[0001] Not applicable.
[0002] Not applicable.
[0003] 1. Field of the Invention
[0004] The present invention relates generally to establishing a secure communication session between a client and a server. More particularly, the invention relates the automatic generation of verifiable certificates for use in confirming the identity of a server.
[0005] 2. Background of the Invention
[0006] The Internet has made the dissemination of information across long distances easy and inexpensive. Further, the Internet has facilitated controlling one computer or computer system from a remote location. These types of remote activities create a security concern.
[0007] Suppose that a consumer wishes to conduct an on-line purchase of a product from a merchant. At some point in the transaction, the merchant will request the consumer to transmit confidential information, such as the consumer's name, address and, in particular, credit card number. It is possible for an unauthorized entity to intercept information transmitted between the server and client. This is generally called the “man-in-the-middle attack” in which an unauthorized entity makes itself appear to be the true merchant to which the consumer believes it is communicating. The consumer, believing it is in communication with the true merchant, sends confidential data to the man-in-the-middle. The man-in-the-middle forwards the information on to the true merchant, but retains a copy of the confidential data. As such, the confidentiality of the consumer's information is compromised and the consumer may be none the wiser.
[0008] To remedy this and other types of security breaches, the “secure sockets layer” (“SSL”) protocol was created to permit the consumer to verify the authenticity of the merchant before transmitting the consumer's confidential data. SSL's objective is to verify the identity of parties involved in a secure transaction and ensure that data transmission is protected from tampering or interception. The following is an overview of how SSL works. In this context and throughout this disclosure, the term “client” refers to the entity attempting to initiate a communication. The term “server” refers to the entity to which the client communicates and the entity whose identity is verified by the client. Typically, the server is the content provider while the client uses the services provided by the server. In the above vernacular, the consumer is the client and the merchant is the server.
[0009] The client initiates communication with the server by providing a variety of important information.
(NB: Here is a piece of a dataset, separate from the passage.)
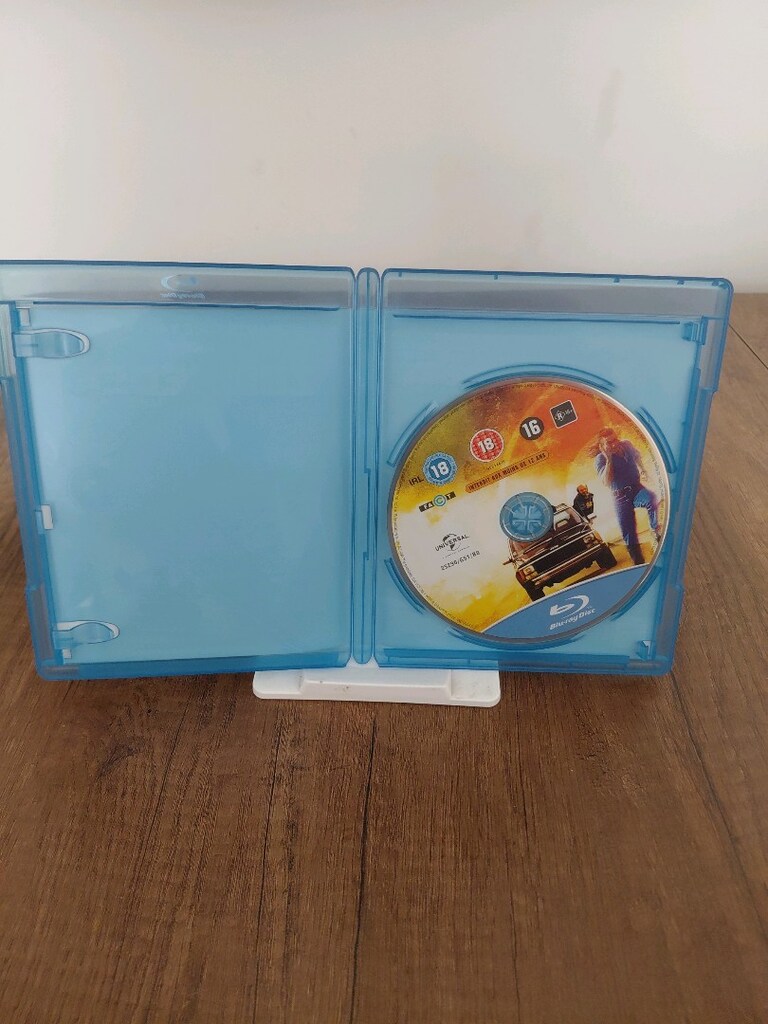 Zor Hedef Blu-ray Film - 3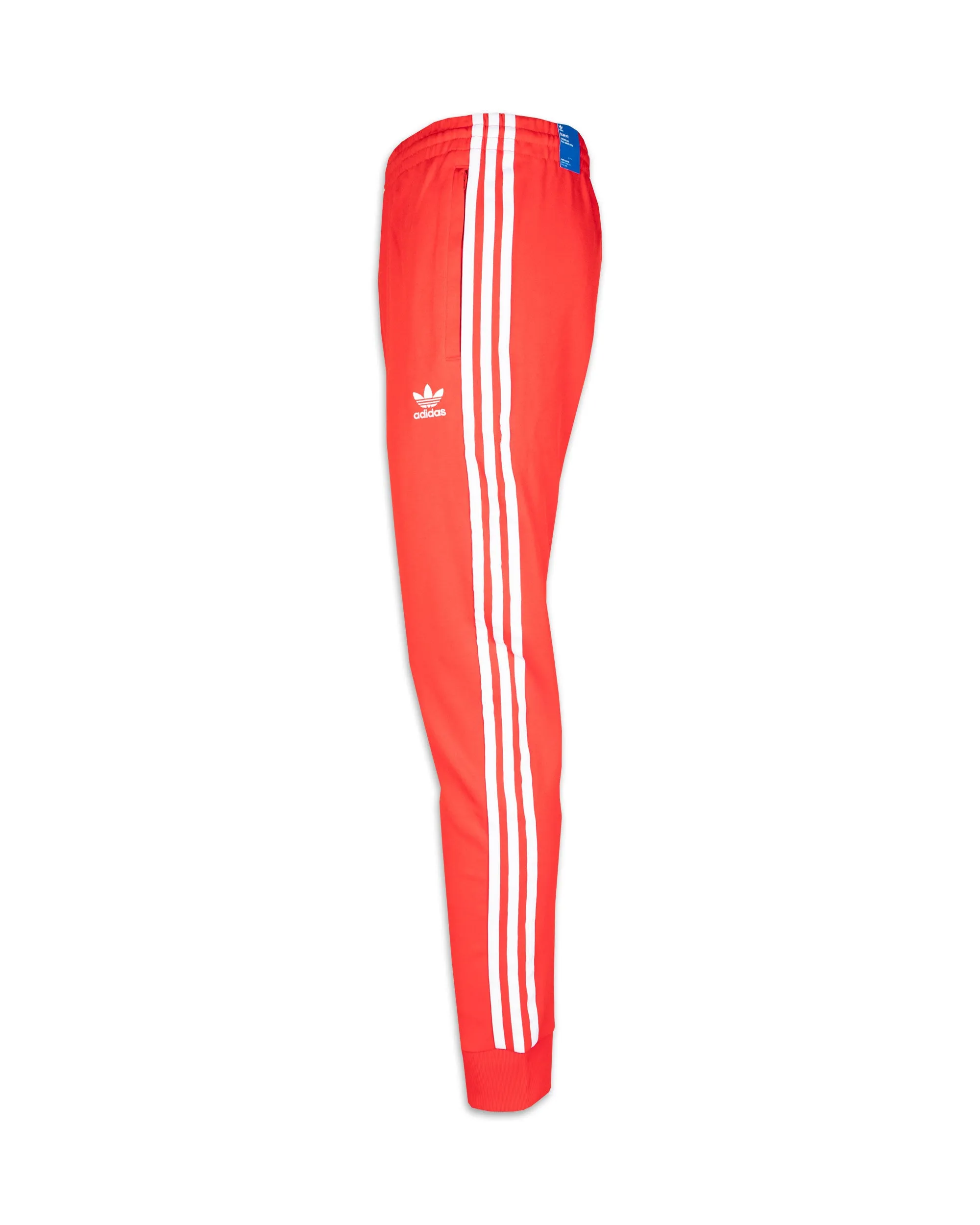 Pantalone Adidas Superstar Track Pant Rosso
The client sends the current level of SSL support, a random number and the encryption option it supports. The random number will eventually be used to generate a key for secure transmission. The server responds by providing similar information and its signed digital certificate. The server will select the version of SSL that will be used for the remainder of the session, generate its own random number and also present the encryption options it supports. The signed digital certificate will be used by the client to confirm the server's identity.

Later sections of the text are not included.